Task directions:
No line before the one holding "中方或收到一笔巨款？特朗普之前吞进去的万亿关税<strong></p>" is to be copied; that line and all after it, through the end of the listing, are returned exactly, minus pictures.

Given material:
————

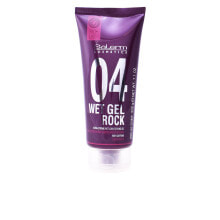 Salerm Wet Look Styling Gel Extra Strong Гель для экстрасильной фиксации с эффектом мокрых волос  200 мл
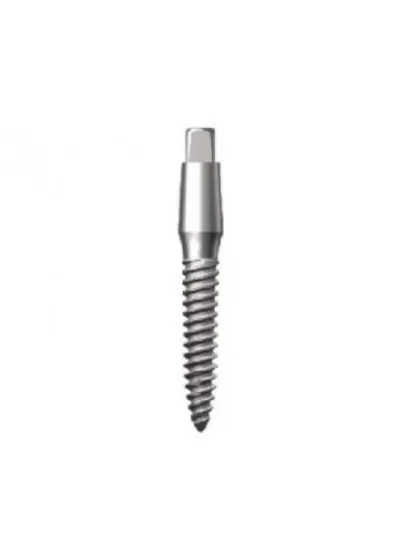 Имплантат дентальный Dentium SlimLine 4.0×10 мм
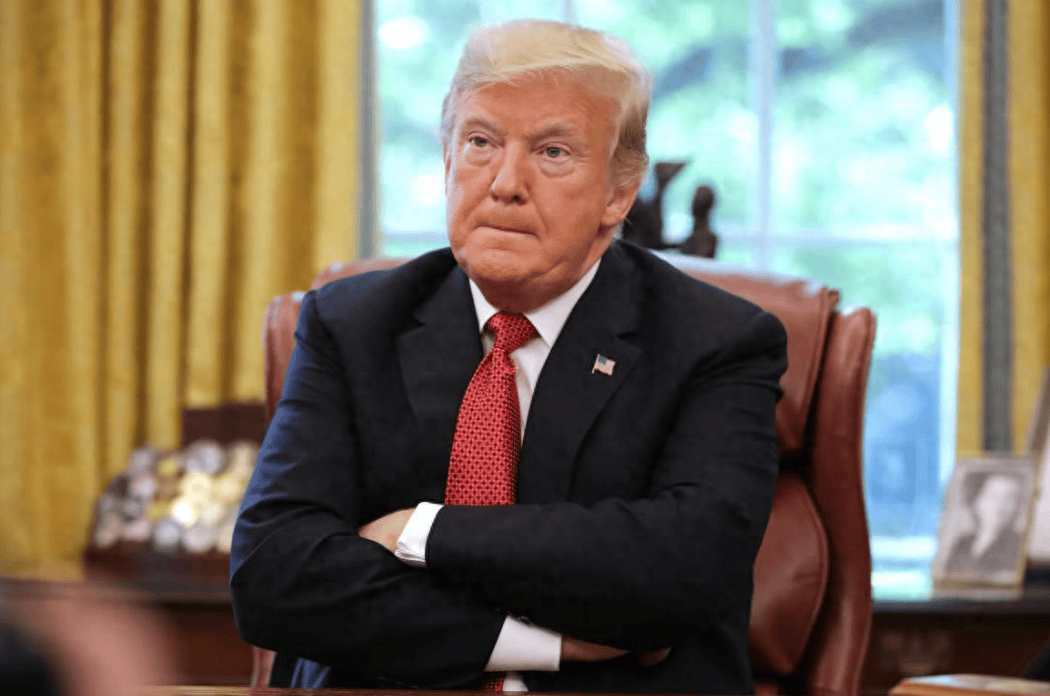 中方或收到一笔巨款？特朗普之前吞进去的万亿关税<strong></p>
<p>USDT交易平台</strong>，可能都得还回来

————

The answer:
 中方或收到一笔巨款？特朗普之前吞进去的万亿关税<strong></p>
<p>USDT交易平台</strong>，可能都得还回来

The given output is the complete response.